I made a handful of candles by starting with a few short pieces clipped from several different thicknesses of round wooden craft sticks. I grabbed a few little metal jewelry rings as well.
For each candle (or cluster of candles) I dropped a blob of hot glue onto some parchment paper and inserted a stick while the glue was hot. On a few I stuck rings in as well. After the initial pieces were dry, I used the glue gun again to paint little melted-wax textures down the sides. Lastly, on some of them, I put a bead of glue on top, then held them upside down and stretched it away to form a teardrop-shaped flame.
The candles themselves, and the areas where I wanted melted wax on the surface beneath them, were painted white and dabbed with a little parchment color. The bases were painted with a couple of different metallic shades. A few dabs of red, yellow, and orange finished off the lit candles.
This all ends in fire
I already had a campfire I made a while back, but I wanted at least one indoor fireplace and maybe a fire pit with a spit mounted over it.
To get started, I sliced some small bricks from XPS foam. The fireplace would be free-standing, but for the pit I cut a little oval piece from a slice of ePVC left over from another project to use as a base. I used tacky white glue to put the basic layouts together and let them dry overnight. A pair of the rings I used for the candles were hot-glued to the ends of some short pieces of toothpick, the other ends of which were jammed into some leftover foam bricks.
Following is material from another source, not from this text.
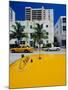 Yellow Taxi, South Beach, Miami Beach, Florida, USA-Sylvain Grandadam-Mounted Photographic Print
Those were glued inside the pit, which was then filled with little bits of broken-up scrap foam and a bunch of PVA to hold it all together.
I initially stuck a nail through the rings to serve as the spit, but later switched it out for a paper clip bent into a shape with a handle.
I tossed in a little bit of grout-and-soil mixture to add a little texture where the ashes would be on each piece.
I fought with the ring/toothpick connections to try to minimize the hot-glue globs. Trimming them down kept resulting in broken-off rings. Super glue didn’t hold, and some E6000 stuff I tried didn’t seem to do the job either. I ended up re-hot-gluing them together. The blobs are back; I’ll live with them for now, but will probably tinker with replacements at some point.
Bricks were painted in shades of gray, spit and supports with a wrought iron color. Flames were shaped out of hot glue, and the fire pit base got a coating of grout-and-soil mix. My wife has offered to make a tiny little roasting chicken out of air-dry clay for me to mount on the spit, so the fire pit might get a slight upgrade.